Face detection with OpenCV

OpenCV provides two approaches for face detection:

Haar cascade based face detectors
Deep learning-based face detectors

The framework proposed by Viola and Jones (see Rapid Object Detection Using a Boosted Cascade of Simple Features (2001)) is an effective object detection method. This framework is very popular because OpenCV provides face detection algorithms based on this framework. Additionally, this framework can also be used for detecting other objects rather than faces (for example, full body detector, plate number detector, upper body detector, or cat face detector). In this section, we will see how to detect faces using this framework.

The face_detection_opencv_haar.py script performs face detection using haar feature-based cascade classifiers. In this sense, OpenCV provides four cascade classifiers to use for (frontal) face detection:

haarcascade_frontalface_alt.xml (FA1): 22 stages and 20 x 20 haar features
haarcascade_frontalface_alt2.xml (FA2): 20 stages and 20 x 20 haar features
haarcascade_frontalface_alt_tree.xml (FAT): 47 stages and 20 x 20 haar features
haarcascade_frontalface_default.xml (FD): 25 stages and 24 x 24 haar features

In some available publications, the authors evaluated the performance of these cascade classifiers using different criteria and datasets. Overall, it can be concluded that these classifiers achieve similar accuracy. That is why, in this script, we will be using two of them (to simplify things). More specifically, in this script, two cascade classifiers (the previously introduced FA2 and FD) are loaded:

# Load cascade classifiers:
cas_alt2 = cv2.CascadeClassifier("haarcascade_frontalface_alt2.xml")
cas_default = cv2.CascadeClassifier("haarcascade_frontalface_default.xml")

The cv2.CascadeClassifier() function is used to load a classifier from a file. You can download these cascade classifier files from the OpenCV repository: https://github.com/opencv/opencv/tree/master/data/haarcascades. Moreover, we have included the two loaded cascade classifier files in the GitHub repository (haarcascade_frontalface_alt2.xml and haarcascade_frontalface_default.xml).

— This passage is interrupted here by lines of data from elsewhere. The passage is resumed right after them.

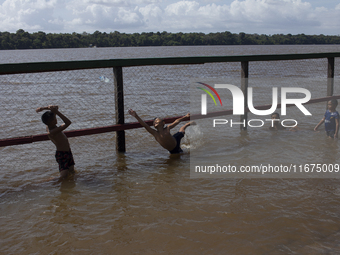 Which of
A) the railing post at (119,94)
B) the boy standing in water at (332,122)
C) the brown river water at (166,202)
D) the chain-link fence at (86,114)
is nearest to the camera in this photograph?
the brown river water at (166,202)

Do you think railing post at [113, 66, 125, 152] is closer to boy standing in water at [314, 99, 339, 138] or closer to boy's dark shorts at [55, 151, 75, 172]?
boy's dark shorts at [55, 151, 75, 172]

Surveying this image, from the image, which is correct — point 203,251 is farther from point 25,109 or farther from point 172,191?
point 25,109

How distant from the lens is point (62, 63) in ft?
17.3

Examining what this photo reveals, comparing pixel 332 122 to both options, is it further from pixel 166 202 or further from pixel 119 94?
pixel 166 202

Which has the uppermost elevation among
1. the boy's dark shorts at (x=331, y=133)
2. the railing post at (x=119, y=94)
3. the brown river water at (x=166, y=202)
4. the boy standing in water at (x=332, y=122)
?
the railing post at (x=119, y=94)

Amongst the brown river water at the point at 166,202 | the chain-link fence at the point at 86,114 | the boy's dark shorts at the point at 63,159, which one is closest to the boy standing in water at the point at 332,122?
the brown river water at the point at 166,202

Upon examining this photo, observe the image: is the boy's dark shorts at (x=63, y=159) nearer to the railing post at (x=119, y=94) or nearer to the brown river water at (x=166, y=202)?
the brown river water at (x=166, y=202)

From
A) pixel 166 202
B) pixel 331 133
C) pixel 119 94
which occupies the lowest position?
pixel 166 202

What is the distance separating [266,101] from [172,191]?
10133mm

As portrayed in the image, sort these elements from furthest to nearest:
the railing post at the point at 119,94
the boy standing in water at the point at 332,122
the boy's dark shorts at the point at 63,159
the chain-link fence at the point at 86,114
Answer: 1. the boy standing in water at the point at 332,122
2. the chain-link fence at the point at 86,114
3. the railing post at the point at 119,94
4. the boy's dark shorts at the point at 63,159

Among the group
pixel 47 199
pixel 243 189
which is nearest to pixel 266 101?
pixel 243 189

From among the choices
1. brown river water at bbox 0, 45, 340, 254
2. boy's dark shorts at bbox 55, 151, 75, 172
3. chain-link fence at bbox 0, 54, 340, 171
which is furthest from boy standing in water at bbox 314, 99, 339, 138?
boy's dark shorts at bbox 55, 151, 75, 172

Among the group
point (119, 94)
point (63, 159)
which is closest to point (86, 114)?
point (119, 94)

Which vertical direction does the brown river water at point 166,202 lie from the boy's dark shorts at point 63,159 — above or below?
below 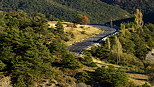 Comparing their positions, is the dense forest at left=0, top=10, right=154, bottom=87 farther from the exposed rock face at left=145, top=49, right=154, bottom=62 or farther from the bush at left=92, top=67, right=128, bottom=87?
the exposed rock face at left=145, top=49, right=154, bottom=62

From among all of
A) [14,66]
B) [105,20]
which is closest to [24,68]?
[14,66]

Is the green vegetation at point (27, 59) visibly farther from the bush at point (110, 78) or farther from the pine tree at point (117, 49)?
the pine tree at point (117, 49)

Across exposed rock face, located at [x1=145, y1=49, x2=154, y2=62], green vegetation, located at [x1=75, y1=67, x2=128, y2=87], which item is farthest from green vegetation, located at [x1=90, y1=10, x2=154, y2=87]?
green vegetation, located at [x1=75, y1=67, x2=128, y2=87]

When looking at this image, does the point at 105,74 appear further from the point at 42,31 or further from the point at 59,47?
the point at 42,31

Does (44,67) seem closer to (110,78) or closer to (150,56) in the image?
(110,78)

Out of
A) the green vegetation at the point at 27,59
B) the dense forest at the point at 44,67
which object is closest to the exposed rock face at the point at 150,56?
the dense forest at the point at 44,67

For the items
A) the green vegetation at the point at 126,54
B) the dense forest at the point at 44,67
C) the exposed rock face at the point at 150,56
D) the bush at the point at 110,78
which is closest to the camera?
the dense forest at the point at 44,67

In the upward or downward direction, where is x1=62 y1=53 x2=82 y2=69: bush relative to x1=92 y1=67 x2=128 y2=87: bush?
upward

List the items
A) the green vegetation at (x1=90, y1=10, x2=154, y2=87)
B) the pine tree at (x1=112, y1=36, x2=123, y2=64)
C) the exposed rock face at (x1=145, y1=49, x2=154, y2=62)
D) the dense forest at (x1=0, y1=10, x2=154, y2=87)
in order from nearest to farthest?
the dense forest at (x1=0, y1=10, x2=154, y2=87) → the green vegetation at (x1=90, y1=10, x2=154, y2=87) → the pine tree at (x1=112, y1=36, x2=123, y2=64) → the exposed rock face at (x1=145, y1=49, x2=154, y2=62)

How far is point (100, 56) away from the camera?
4681cm

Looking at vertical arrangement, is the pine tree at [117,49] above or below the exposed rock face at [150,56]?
above

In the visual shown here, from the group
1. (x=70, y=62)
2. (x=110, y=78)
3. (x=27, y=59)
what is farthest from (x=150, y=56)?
(x=27, y=59)

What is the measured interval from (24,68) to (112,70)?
14385 millimetres

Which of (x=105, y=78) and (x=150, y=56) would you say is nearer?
(x=105, y=78) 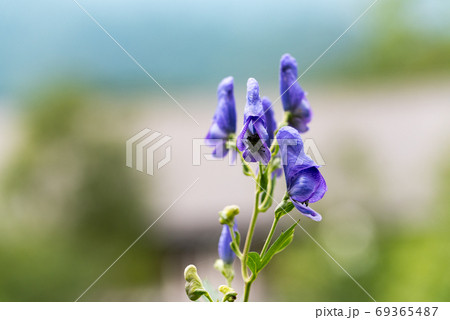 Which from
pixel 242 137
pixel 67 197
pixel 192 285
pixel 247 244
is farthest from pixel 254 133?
pixel 67 197

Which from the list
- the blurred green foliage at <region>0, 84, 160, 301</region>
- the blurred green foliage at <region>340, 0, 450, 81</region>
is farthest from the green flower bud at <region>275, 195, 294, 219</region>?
the blurred green foliage at <region>340, 0, 450, 81</region>

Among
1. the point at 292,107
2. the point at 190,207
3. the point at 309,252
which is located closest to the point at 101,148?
the point at 309,252

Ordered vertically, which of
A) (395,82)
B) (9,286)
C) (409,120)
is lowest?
(9,286)

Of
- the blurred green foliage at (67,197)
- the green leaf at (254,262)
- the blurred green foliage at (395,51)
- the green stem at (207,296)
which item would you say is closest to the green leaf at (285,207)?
the green leaf at (254,262)

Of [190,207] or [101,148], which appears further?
[190,207]

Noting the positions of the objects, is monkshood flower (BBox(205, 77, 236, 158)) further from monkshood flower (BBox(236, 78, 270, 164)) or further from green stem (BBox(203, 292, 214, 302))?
green stem (BBox(203, 292, 214, 302))

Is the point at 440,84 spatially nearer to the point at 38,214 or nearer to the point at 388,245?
the point at 388,245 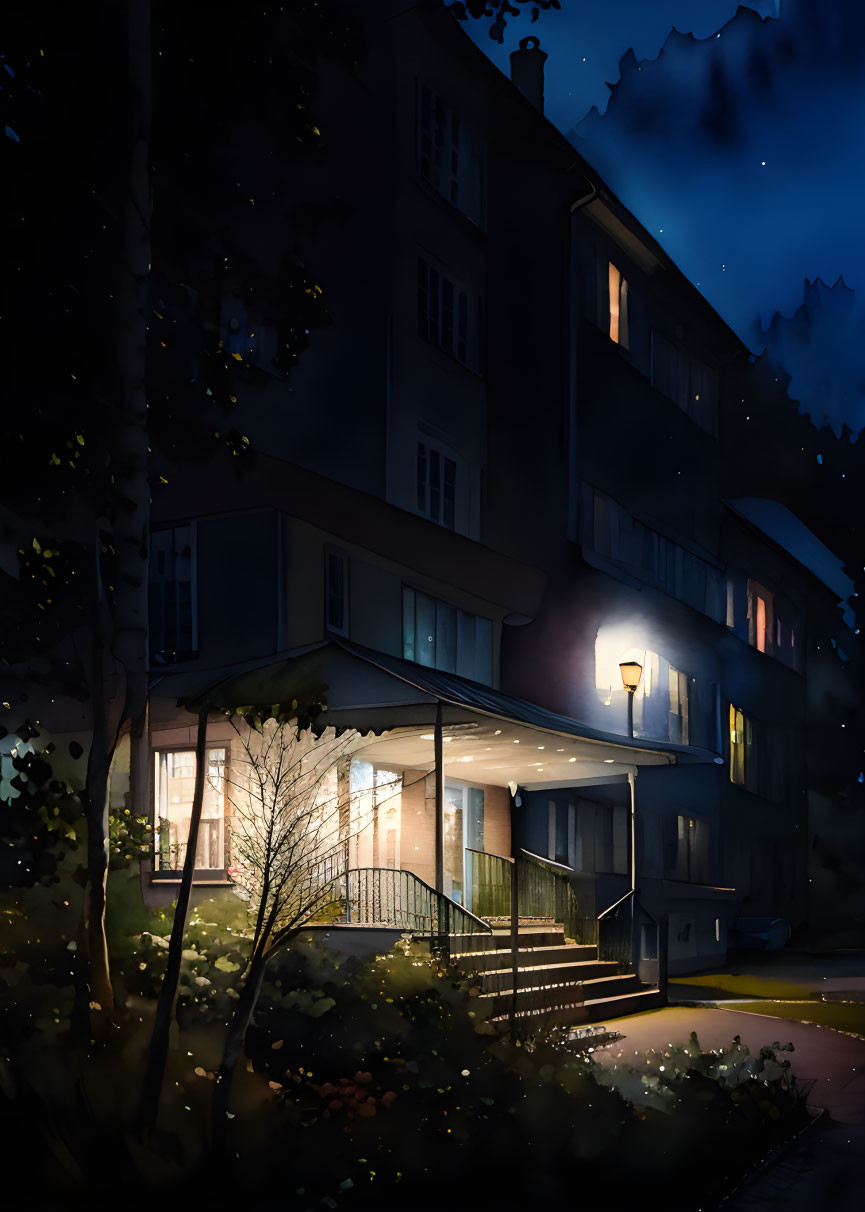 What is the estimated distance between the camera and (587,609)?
85.9 ft

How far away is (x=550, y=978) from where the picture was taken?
55.9ft

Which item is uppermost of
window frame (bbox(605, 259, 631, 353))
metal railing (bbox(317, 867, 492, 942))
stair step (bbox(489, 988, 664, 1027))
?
window frame (bbox(605, 259, 631, 353))

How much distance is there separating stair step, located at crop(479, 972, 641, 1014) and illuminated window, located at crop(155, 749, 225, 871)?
5474mm

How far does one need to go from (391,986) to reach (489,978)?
4.47 m

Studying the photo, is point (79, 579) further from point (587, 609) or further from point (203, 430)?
point (587, 609)

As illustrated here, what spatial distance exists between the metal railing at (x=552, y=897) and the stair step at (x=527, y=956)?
506 mm

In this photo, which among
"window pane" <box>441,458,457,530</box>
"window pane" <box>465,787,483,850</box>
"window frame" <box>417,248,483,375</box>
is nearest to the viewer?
"window frame" <box>417,248,483,375</box>

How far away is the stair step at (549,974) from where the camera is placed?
1568 cm

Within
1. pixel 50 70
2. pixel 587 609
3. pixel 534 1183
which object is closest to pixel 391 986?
pixel 534 1183

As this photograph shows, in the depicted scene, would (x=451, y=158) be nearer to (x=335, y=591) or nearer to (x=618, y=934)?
(x=335, y=591)

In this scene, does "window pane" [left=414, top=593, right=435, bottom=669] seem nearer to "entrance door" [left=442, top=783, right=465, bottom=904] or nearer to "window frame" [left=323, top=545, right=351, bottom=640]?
"window frame" [left=323, top=545, right=351, bottom=640]

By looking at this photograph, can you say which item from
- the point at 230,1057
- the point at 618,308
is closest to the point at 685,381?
the point at 618,308

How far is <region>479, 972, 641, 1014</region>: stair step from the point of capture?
14984mm

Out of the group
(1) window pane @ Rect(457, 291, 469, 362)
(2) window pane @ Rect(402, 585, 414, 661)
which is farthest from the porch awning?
(1) window pane @ Rect(457, 291, 469, 362) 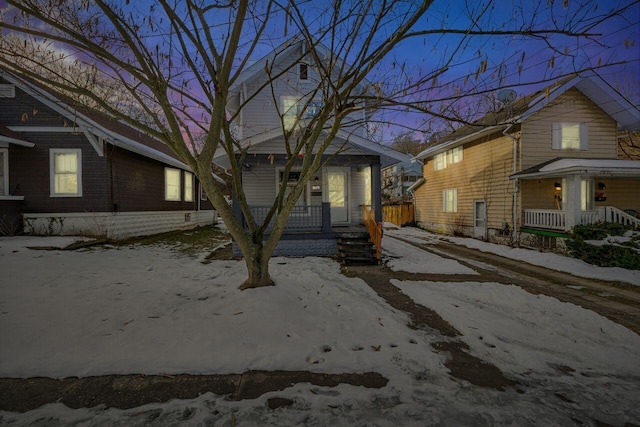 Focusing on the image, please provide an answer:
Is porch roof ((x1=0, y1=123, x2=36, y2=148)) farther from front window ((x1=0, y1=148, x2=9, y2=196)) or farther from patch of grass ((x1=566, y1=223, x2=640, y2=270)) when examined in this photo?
patch of grass ((x1=566, y1=223, x2=640, y2=270))

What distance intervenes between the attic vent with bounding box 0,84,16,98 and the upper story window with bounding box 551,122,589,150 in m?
21.9

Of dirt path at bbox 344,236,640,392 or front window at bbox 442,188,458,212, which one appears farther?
front window at bbox 442,188,458,212

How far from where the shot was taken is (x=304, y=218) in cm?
941

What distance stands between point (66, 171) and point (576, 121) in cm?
2139

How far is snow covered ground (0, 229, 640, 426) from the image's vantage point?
78.7 inches

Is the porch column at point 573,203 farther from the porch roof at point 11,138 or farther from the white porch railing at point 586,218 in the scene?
the porch roof at point 11,138

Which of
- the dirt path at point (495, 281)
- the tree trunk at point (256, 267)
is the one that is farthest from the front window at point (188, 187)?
the tree trunk at point (256, 267)

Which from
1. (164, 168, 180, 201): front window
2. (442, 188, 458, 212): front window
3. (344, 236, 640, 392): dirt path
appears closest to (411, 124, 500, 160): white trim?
(442, 188, 458, 212): front window

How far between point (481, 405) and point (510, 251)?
Result: 1013cm

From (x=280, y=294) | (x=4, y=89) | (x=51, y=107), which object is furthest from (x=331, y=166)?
(x=4, y=89)

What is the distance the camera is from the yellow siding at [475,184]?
12.5 meters

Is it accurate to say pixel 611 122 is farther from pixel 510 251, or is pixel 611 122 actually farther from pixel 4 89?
pixel 4 89

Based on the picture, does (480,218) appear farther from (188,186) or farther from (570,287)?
(188,186)

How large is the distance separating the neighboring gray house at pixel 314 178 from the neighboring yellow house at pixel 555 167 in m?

The next step is to perform the detection:

faces_alt2 = cas_alt2.detectMultiScale(gray)
faces_default = cas_default.detectMultiScale(gray)

The cv2.CascadeClassifier.detectMultiScale() function detects objects and returns them as a list of rectangles. The final step is to correlate the results using the show_detection() function:

img_faces_alt2 = show_detection(img.copy(), faces_alt2)
img_faces_default = show_detection(img.copy(), faces_default)

The show_detection() function draws a rectangle over each detected face:

def show_detection(image, faces):
    """Draws a rectangle over each detected face"""

    for (x, y, w, h) in faces:
        cv2.rectangle(image, (x, y), (x + w, y + h), (255, 0, 0), 5)
    return image

OpenCV also provides the cv2.face.getFacesHAAR() function to detect faces:

retval, faces_haar_alt2 = cv2.face.getFacesHAAR(img, "haarcascade_frontalface_alt2.xml")
retval, faces_haar_default = cv2.face.getFacesHAAR(img, "haarcascade_frontalface_default.xml")

It should be noted that cv2.CascadeClassifier.detectMultiScale() needs a grayscale image, while cv2.face.getFacesHAAR() needs a BGR image as an input. Moreover, cv2.CascadeClassifier.detectMultiScale() outputs the detected faces as a list of rectangles. For example, the output for two detected faces will be like this:

[[332 93 364 364] [695 104 256 256]]

The cv2.face.getFacesHAAR() function returns the faces in a similar format:

[[[298 524 61 61]] [[88 72 315 315]]

To get rid of the useless one-dimension arrays, call np.squeeze():

faces_haar_alt2 = np.squeeze(faces_haar_alt2)
faces_haar_default = np.squeeze(faces_haar_default)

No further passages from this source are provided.